(Beginning of DATA SECTION)
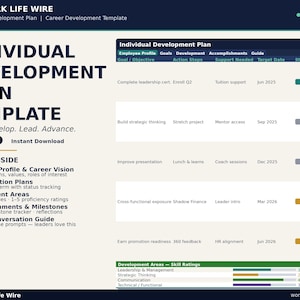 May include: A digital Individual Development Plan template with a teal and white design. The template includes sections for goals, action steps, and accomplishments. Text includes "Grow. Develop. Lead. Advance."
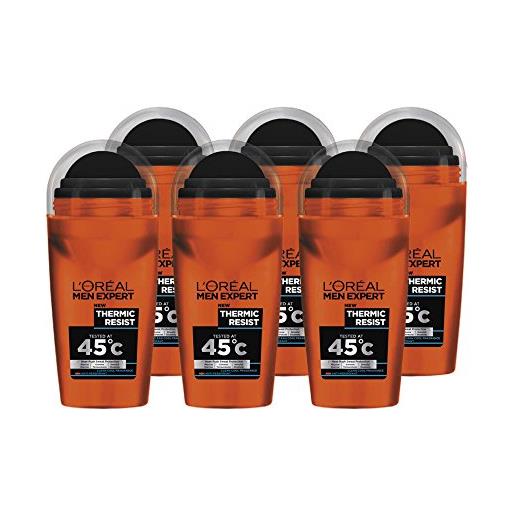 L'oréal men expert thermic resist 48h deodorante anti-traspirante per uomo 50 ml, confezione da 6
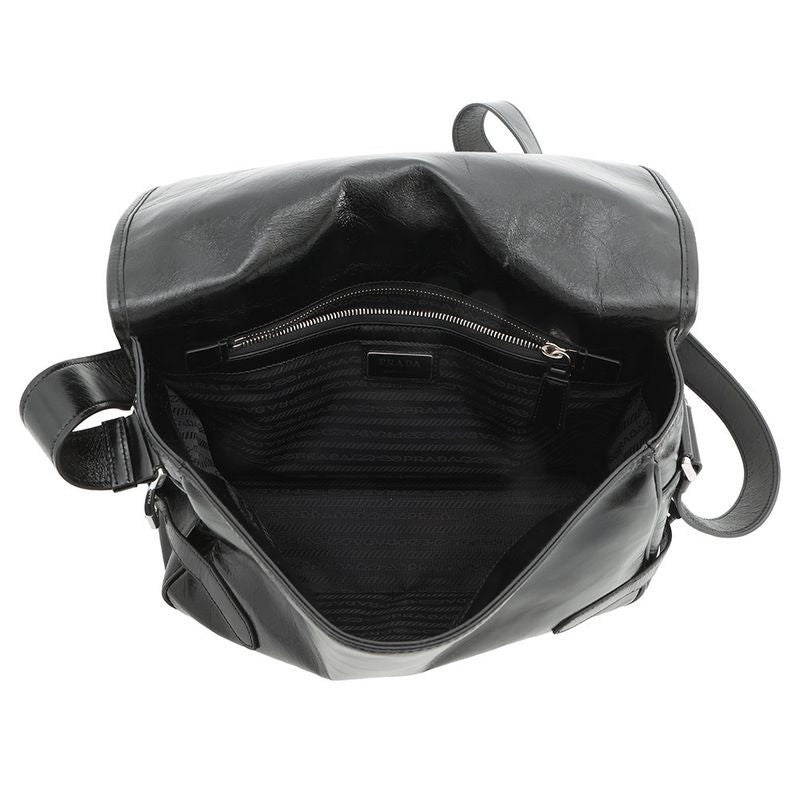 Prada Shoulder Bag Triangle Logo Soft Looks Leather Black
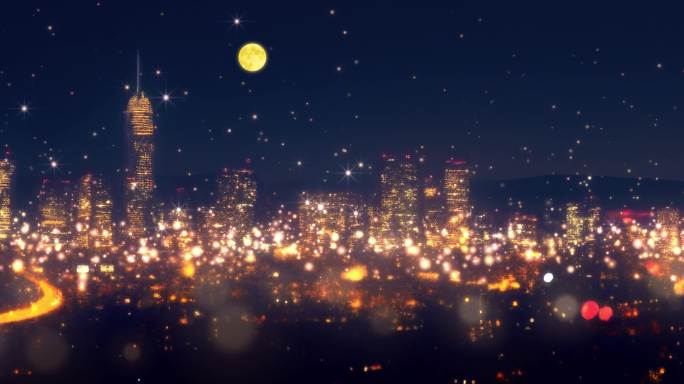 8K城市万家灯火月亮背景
(End of DATA SECTION)
** WORK REQUIRED **
The whole listing must be restated word for word. Leave out any pictures.

** TASK SOLUTION **
 May include: A digital Individual Development Plan template with a teal and white design. The template includes sections for goals, action steps, and accomplishments. Text includes "Grow. Develop. Lead. Advance."
 L'oréal men expert thermic resist 48h deodorante anti-traspirante per uomo 50 ml, confezione da 6
 Prada Shoulder Bag Triangle Logo Soft Looks Leather Black
 8K城市万家灯火月亮背景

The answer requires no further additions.